Wednesday, August 17, 2005

Persistent Datastructures

Many moons ago I wrote a short tutorial on pthreads. It was adopted (with permission) by a number of universities to provide a brief introduction for their students doing pthread based coursework. It strikes me as bizzare, but the tutorial remains the top google hit for 'pthreads tutorial'. Consequently I periodically get requests for help with threading issues.

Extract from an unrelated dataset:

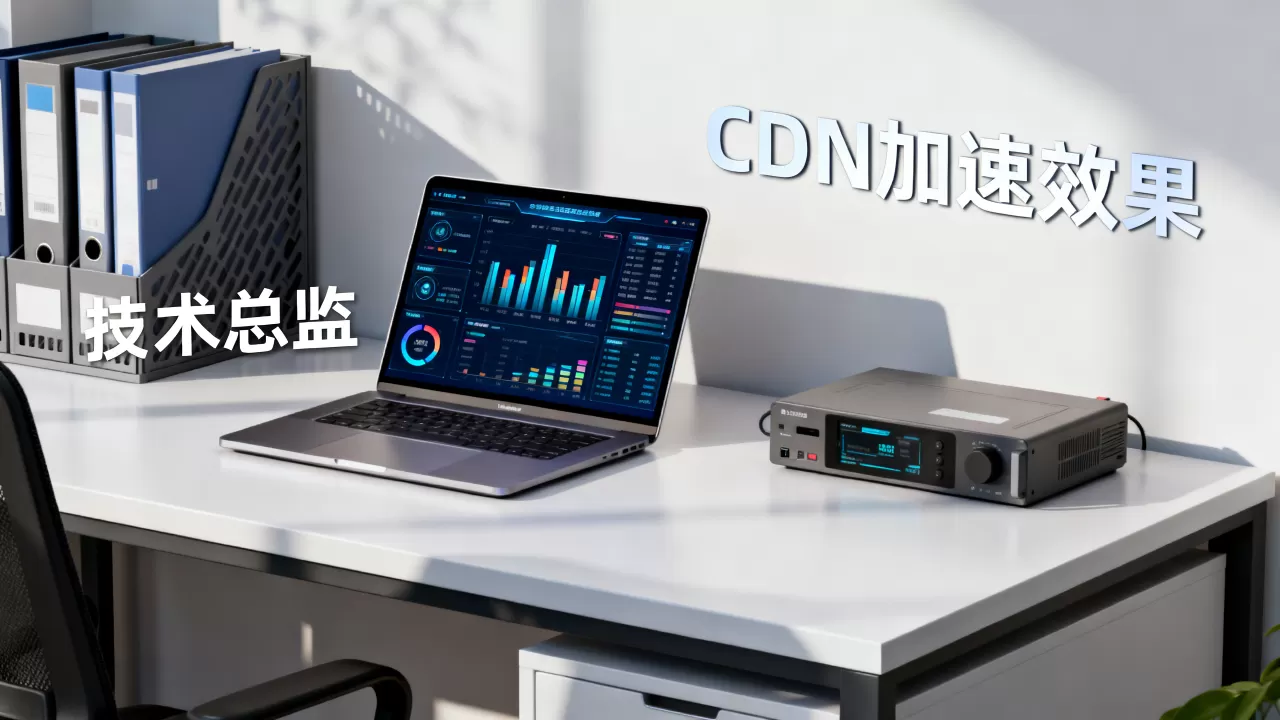 金山云CDN总监是谁？金山云CDN加速效果怎么样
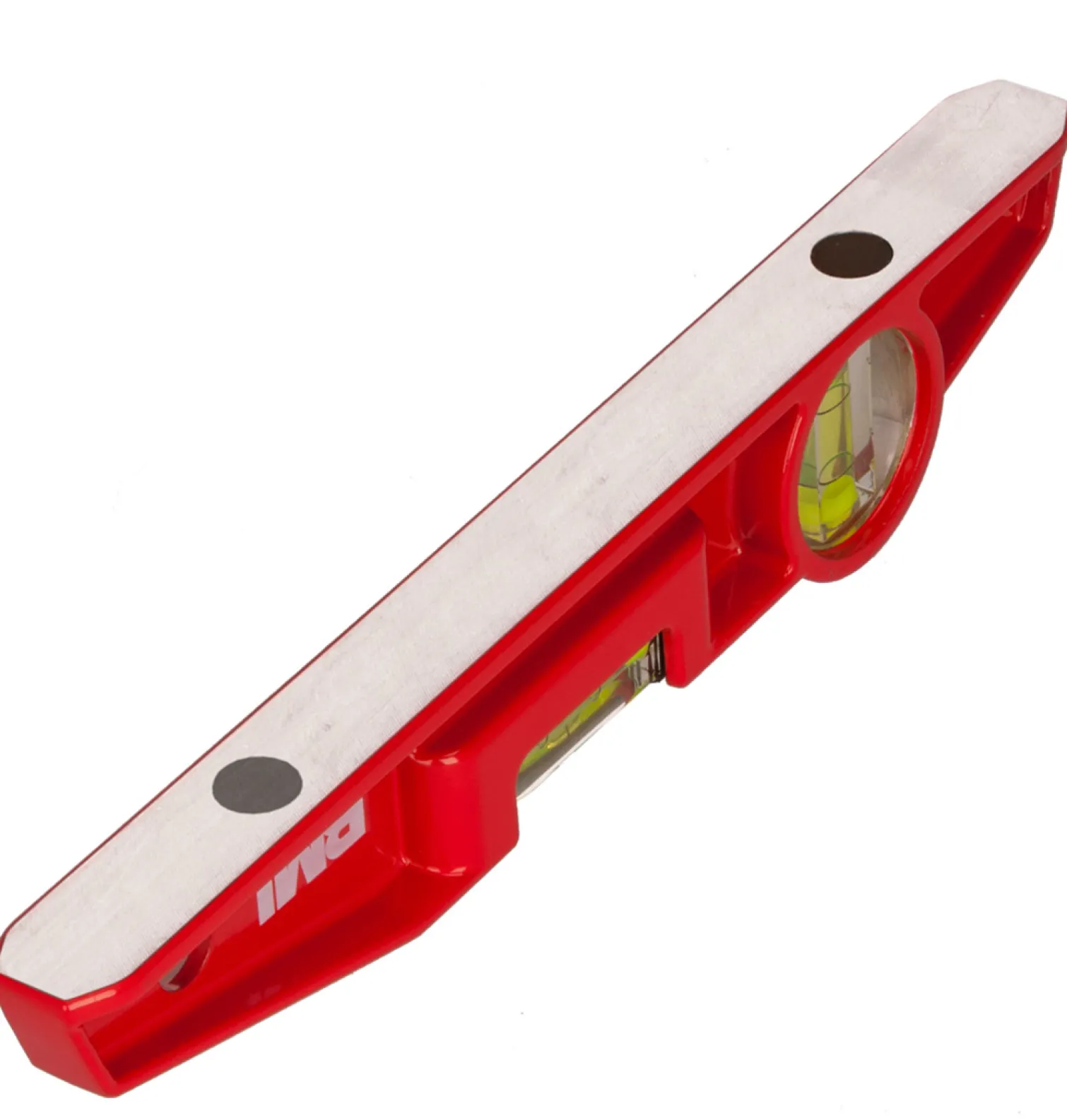 Poziomica magnetyczna do rusztowań BMI Torpedo Scaffolder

When I wrote the tutorial I was still enamoured with threads, an infatuation that didn't last very long :). Since then, my experience working with pthreads, auto-parallelising compilers, java, erlang, kowari, and 10 years of professional programming, have fundamentally changed my perspective on how to approach concurrency.

  1. Concurrency bad
  2. See 1
  3. Shared-memory concurrency very very bad
  4. see 3
However we can't always avoid concurrency so:
  • Process isolation good
  • Message-Passing/Rendevous good
  • Co-routine/Continuation good
Again, sometimes we can't avoid shared-memory concurrency if we want to make good use of some modern cpu architectures so:
  • Locks are bad - you've accepted all the pain and suffering associated with shared-memory concurrency, and now you're going to SERIALISE operations!!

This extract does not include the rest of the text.